- [THE PROBLEM] Output the listing word for word, minus images.
■ ■ ■ ■
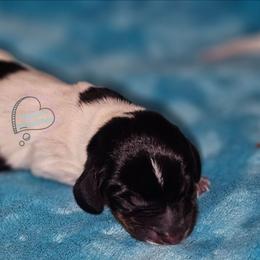Black pie girl 2 - Piebald female Dachshund puppy in Herald, California from Bluegum Dachshunds
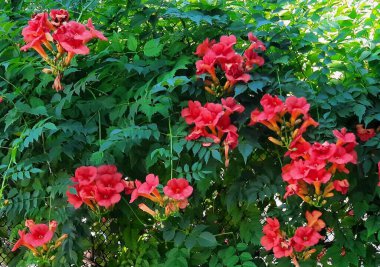 Kırmızı Hibiscus bahçede.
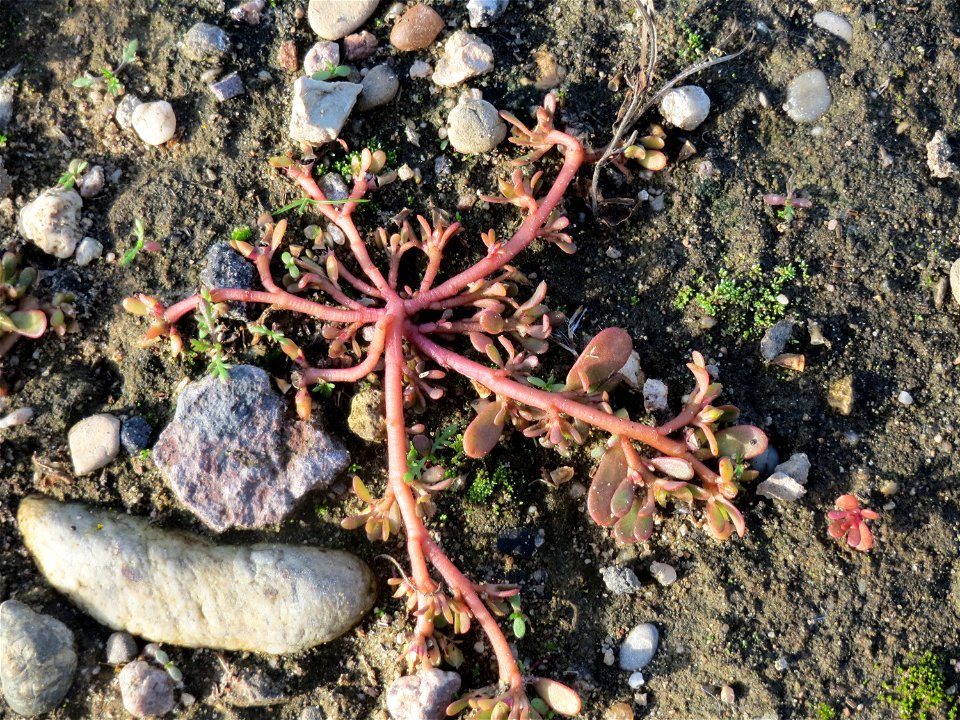 Portulak (Portulaca oleracea) in Hockenheim-Talhaus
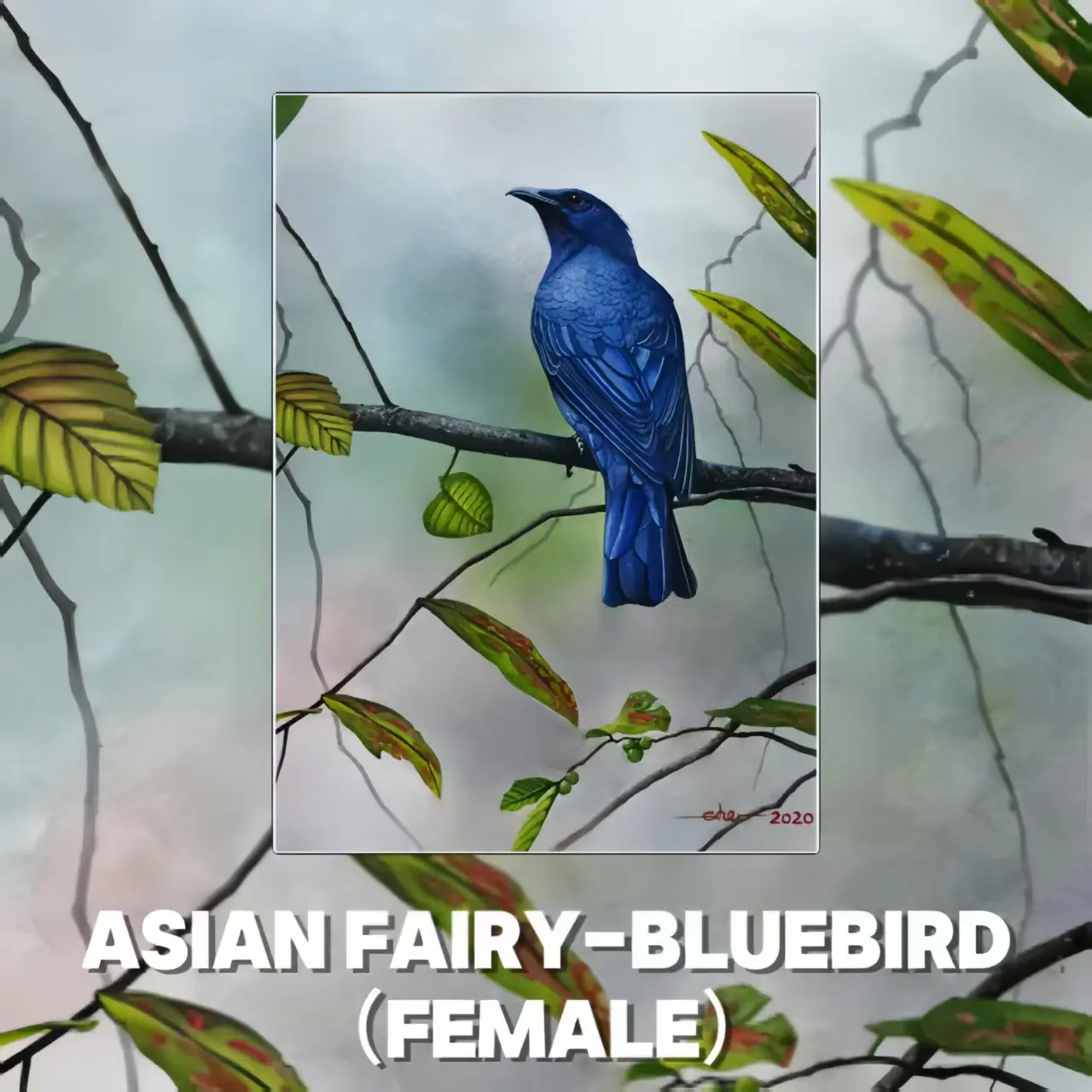 Postcards - Malaysia's Birds Collection (Series 2)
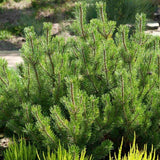 Kalnu priede (Pinus mugo var. Pumilio)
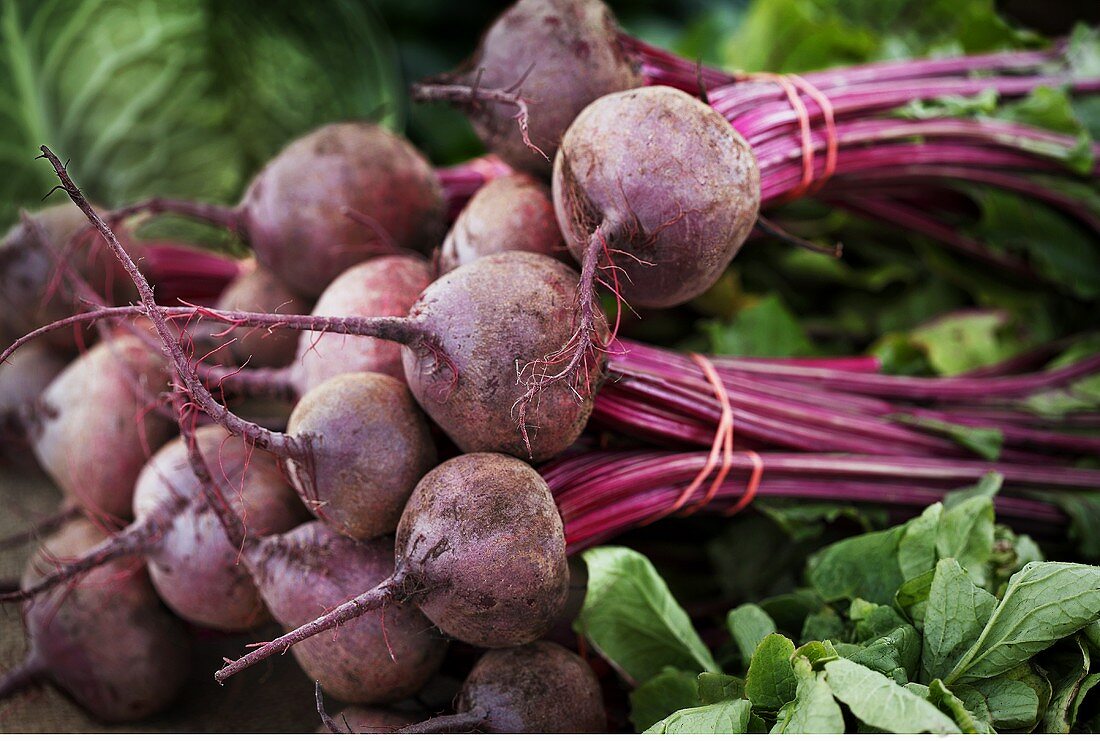Fresh beetroot on a market stall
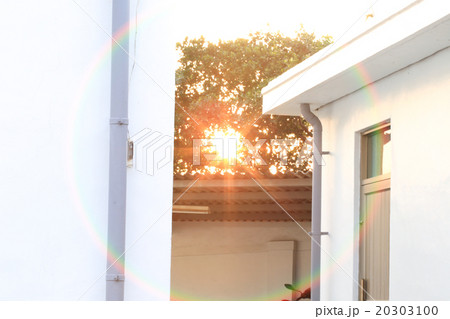 太陽 日 お日様 20303100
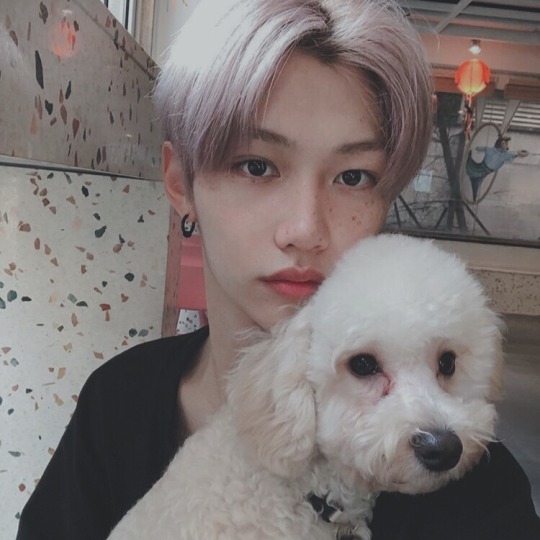 felix_navidad / precious baby ; you're slowly earning a soft spot. thank you for being there for me and listening to me. i hope i can be a force of comfort for you as well ♥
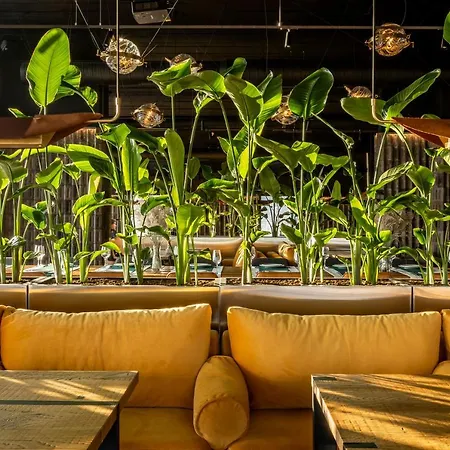 Hotel Loft7 4*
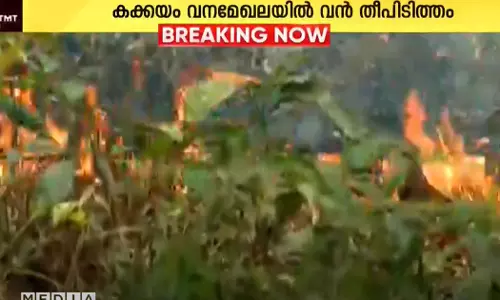 Another fire broke out in Kakkayam forest area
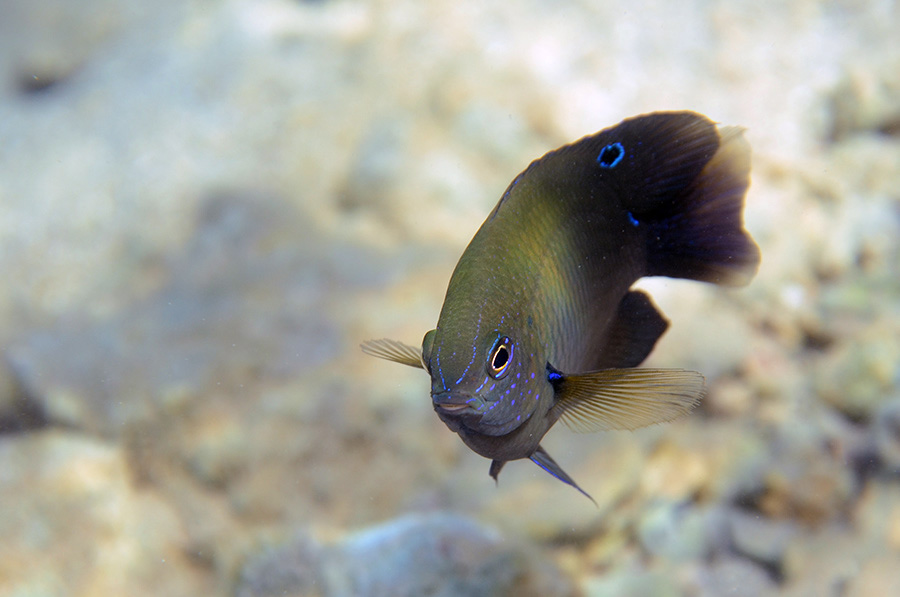 548-0-Dreilinien-Demoiselle-(Pomacentrus%20trilineatus)-2014-M-02-01-90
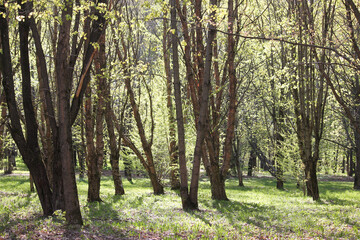 Spring park with old Manchurian cherry (Prunus maackii) trees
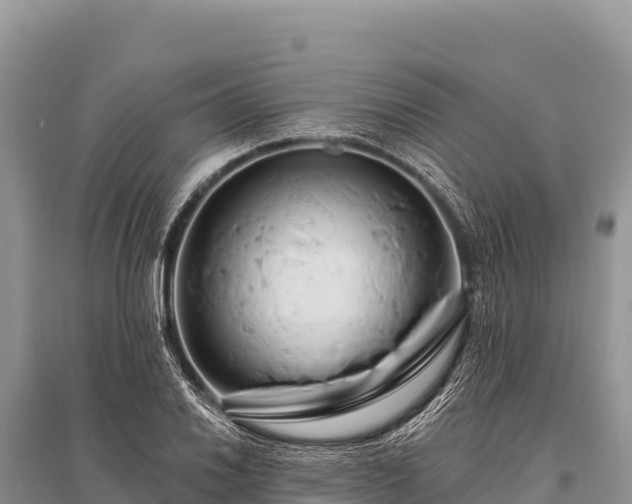 X0000096191030200801251235
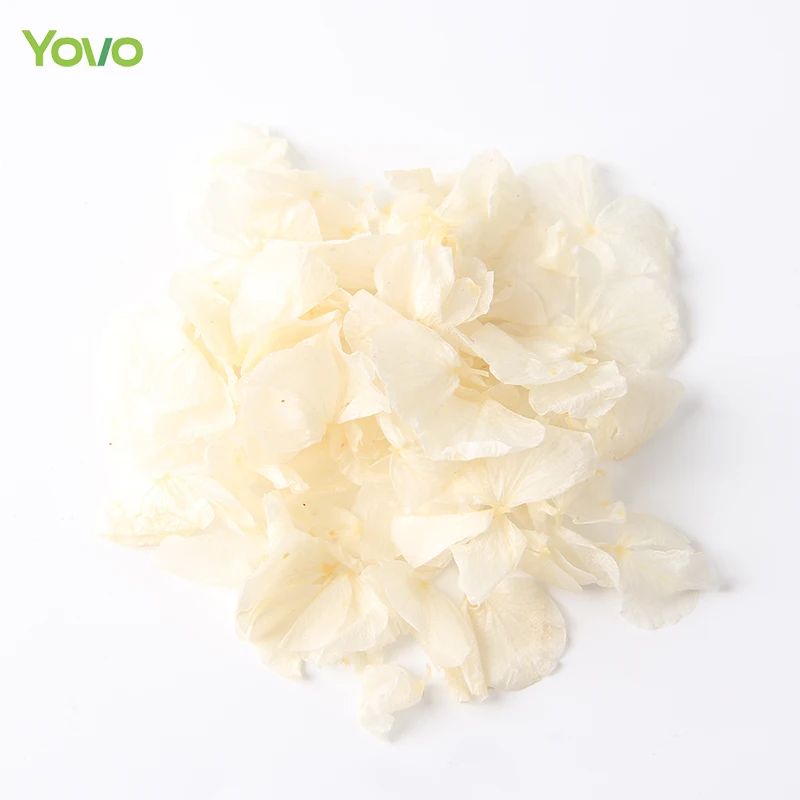 Top Quality Dried Hydrangea Petal Biodegradable Ivory White Petal Beige Hydrangea Petals for Wedding Confetti Soap Candle Making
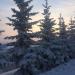 Аллея в городе Якутск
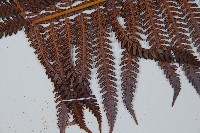 登錄號:P009764藏品圖，第5張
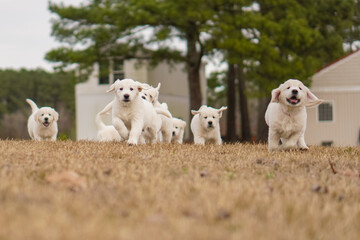 White Golden Retriever Puppies Playing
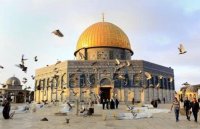 في المسجد الأقصى.. طيور تطرب السامعين وحواصل لا تجوع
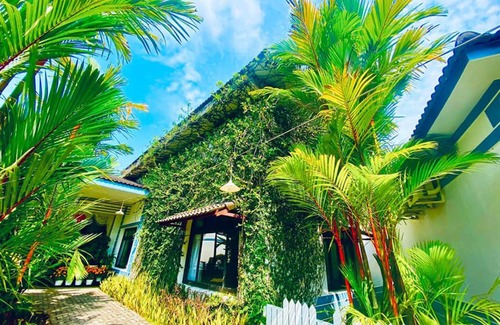 Chau Thanh Resort | Forever Green Resort
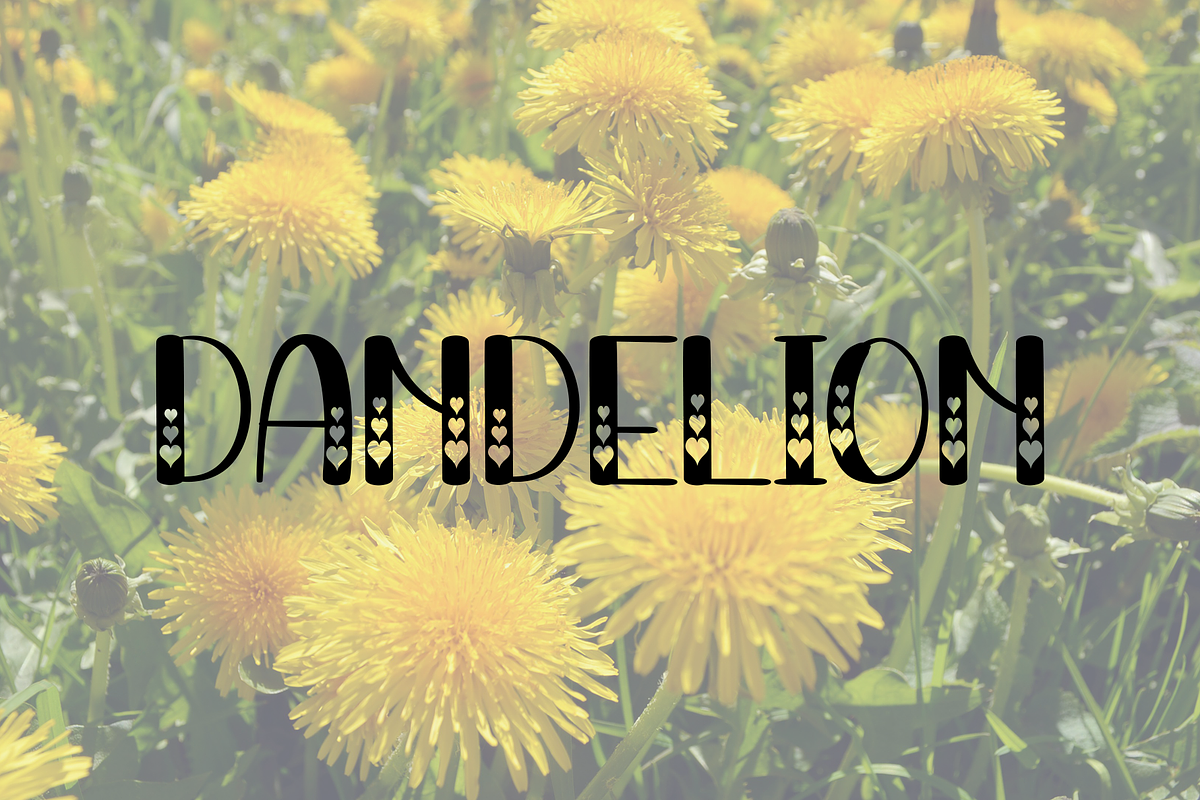 Magnolia, a Script Font by InermediaSTUDIO (Photo 7 of 8)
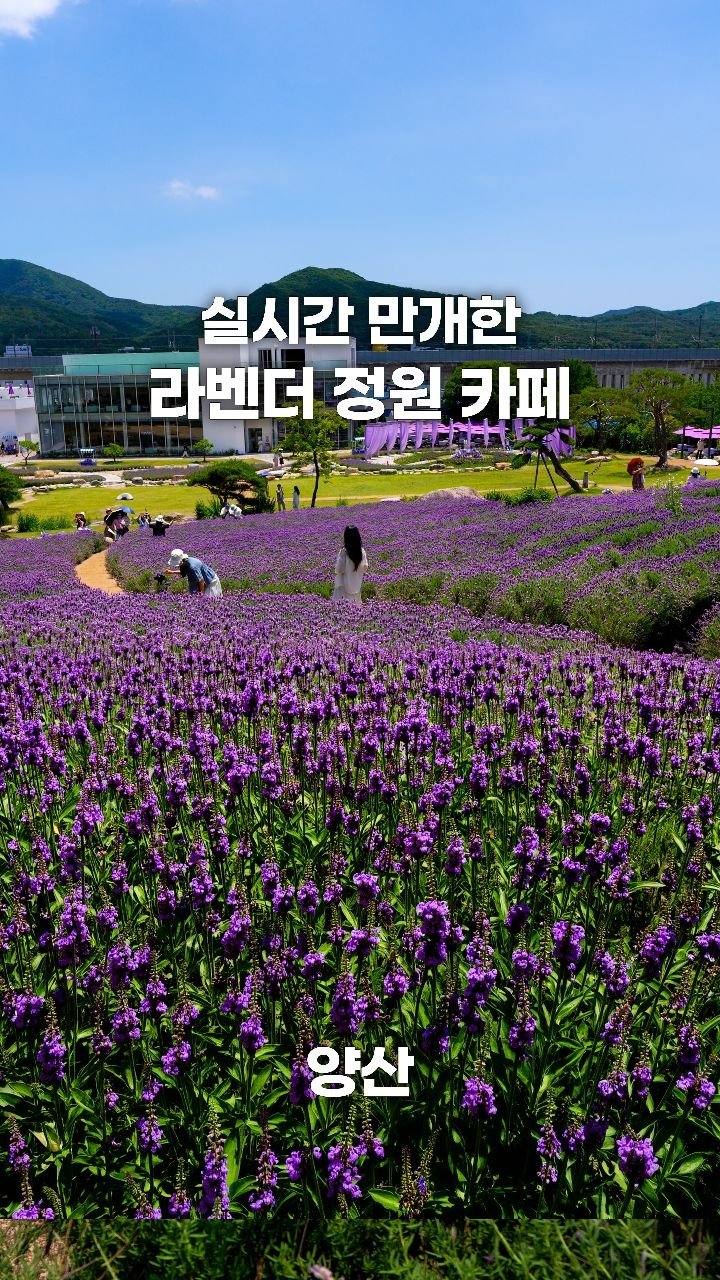 coffeegomi 게시물 이미지: 실시간) 만개한 라벤더 정원 카페!
양산에 있는 #느티나무의사랑 입니다.

지금...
■ ■ ■ ■
- [ANSWER SPACE]
Black pie girl 2 - Piebald female Dachshund puppy in Herald, California from Bluegum Dachshunds
 Kırmızı Hibiscus bahçede.
 Portulak (Portulaca oleracea) in Hockenheim-Talhaus
 Postcards - Malaysia's Birds Collection (Series 2)
 Kalnu priede (Pinus mugo var. Pumilio)
Fresh beetroot on a market stall
 太陽 日 お日様 20303100
 felix_navidad / precious baby ; you're slowly earning a soft spot. thank you for being there for me and listening to me. i hope i can be a force of comfort for you as well ♥
 Hotel Loft7 4*
 Another fire broke out in Kakkayam forest area
 548-0-Dreilinien-Demoiselle-(Pomacentrus%20trilineatus)-2014-M-02-01-90
 Spring park with old Manchurian cherry (Prunus maackii) trees
 X0000096191030200801251235
 Top Quality Dried Hydrangea Petal Biodegradable Ivory White Petal Beige Hydrangea Petals for Wedding Confetti Soap Candle Making
 Аллея в городе Якутск
 登錄號:P009764藏品圖，第5張
 White Golden Retriever Puppies Playing
 في المسجد الأقصى.. طيور تطرب السامعين وحواصل لا تجوع
 Chau Thanh Resort | Forever Green Resort
 Magnolia, a Script Font by InermediaSTUDIO (Photo 7 of 8)
 coffeegomi 게시물 이미지: 실시간) 만개한 라벤더 정원 카페!
양산에 있는 #느티나무의사랑 입니다.

지금...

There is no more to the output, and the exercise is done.